# Latest project



## edison auto (Nov 13, 2015)

Made this for a member of my BNI chapter for her granddaughter..


----------



## 4DThinker (Feb 16, 2014)

Well done! 

4D


----------



## DesertRatTom (Jul 3, 2012)

That's really nice. And man, it's really, really pink.


----------



## Shop guy (Nov 22, 2012)

Nice. That will be enjoyed for many years to come.


----------



## honesttjohn (Feb 17, 2015)

Cool!!


----------



## Herb Stoops (Aug 28, 2012)

Mark that is fantastic, you CNC guys blow me away!!!!!
Herb


----------



## difalkner (Jan 3, 2012)

Nicely done, Mark! 

I was in BNI for about 3 years - good organization.

David


----------



## TenGees (Sep 12, 2012)

Nice job, Mark.

Tom, I think that's Flamingo Pink ™.


----------



## cjskelton (Feb 27, 2015)

I like it a lot! Great job!


----------



## subtleaccents (Nov 5, 2011)

Really a great job.

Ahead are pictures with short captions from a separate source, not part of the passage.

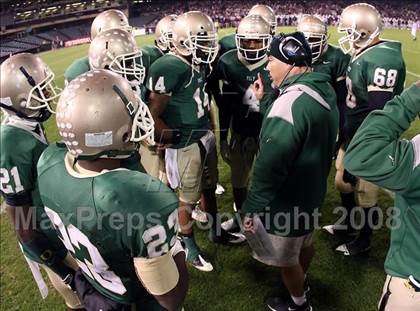Thumbnail 3 in Tesoro vs. Poly (CIF SS PAC-5 Final) photogallery.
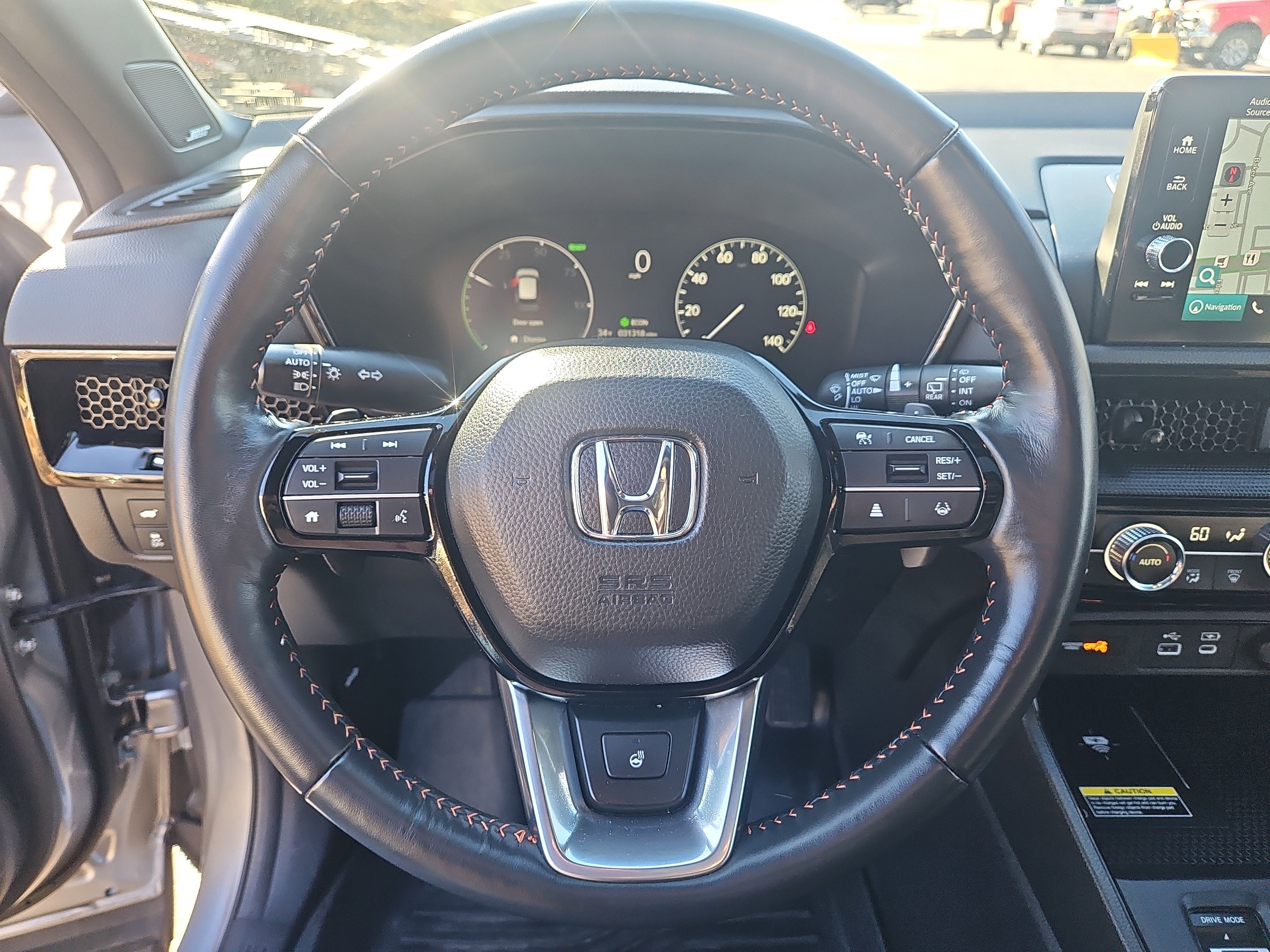 Used 2023 Honda CR-V Sport Touring image 25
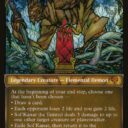 Dominaria United - 359 - Sol'Kanar the Tainted - Mythic - Multi - Foil
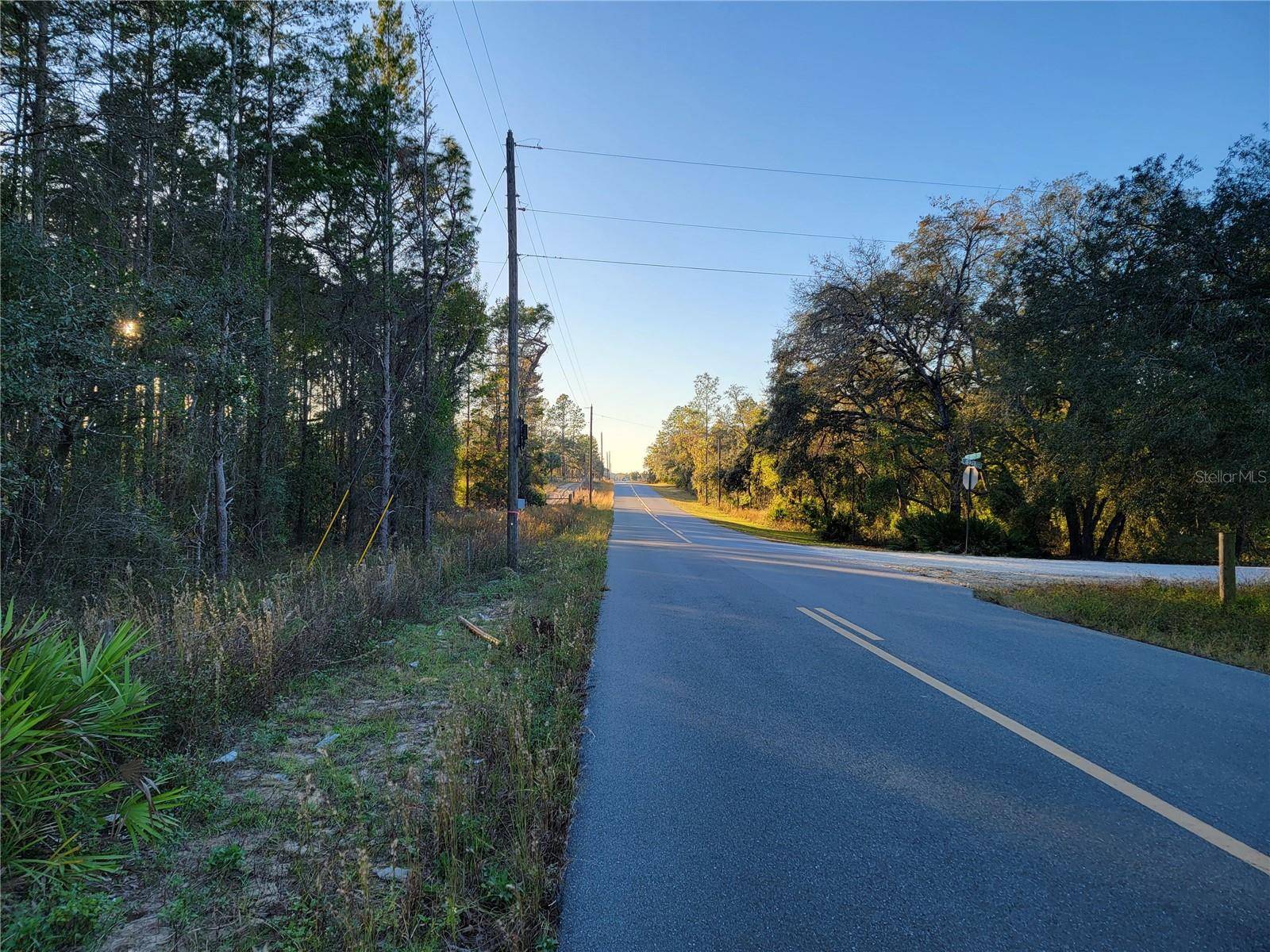 0 NE 105TH ST, Archer, FL 32618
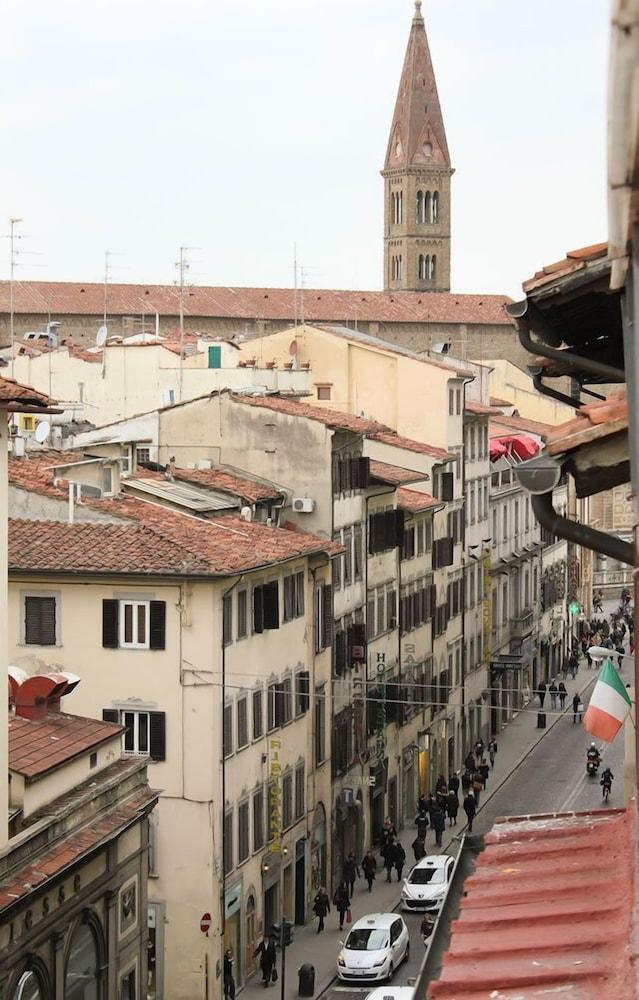 Romagna Hotel Florence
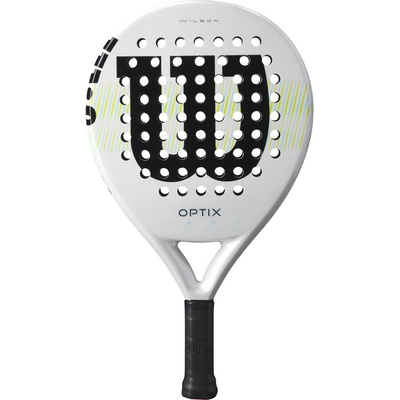 Wilson Optix V1 White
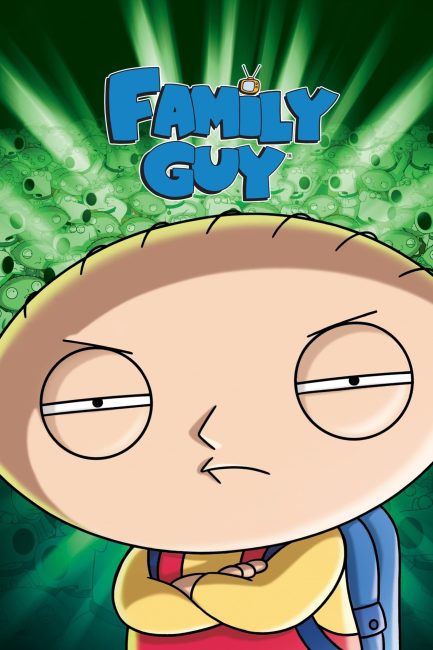مسلسل Family Guy الموسم 12 الحلقة 9 مترجمة
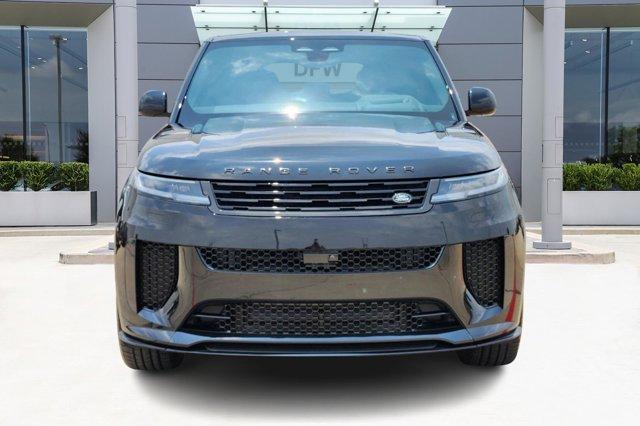 used 2024 Land Rover Range Rover Sport car, priced at $256,991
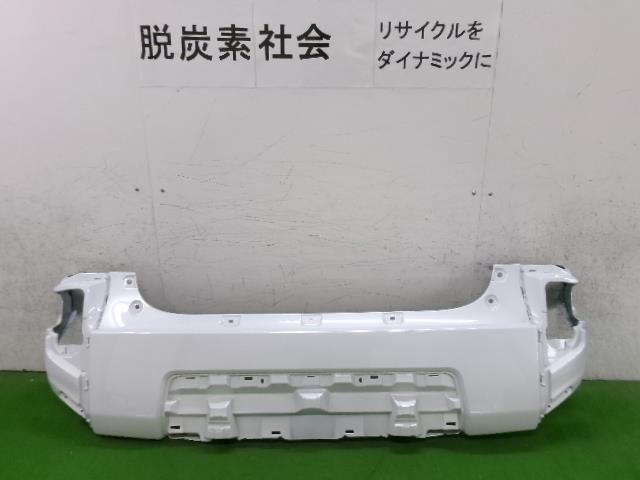 【中古】中古部品 タフト LA900S リアバンパー 【3380050000-000035958715100】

You certainly will be appreciated for your thoughtful efforts.


----------



## Scottart (Jan 8, 2015)

a girl?.. 

Kidding.

Lovely, and well executed..


----------



## edison auto (Nov 13, 2015)

Thanks. Yes it is flamingo pink.


----------



## old55 (Aug 11, 2013)

Mark that is beautifully done.


----------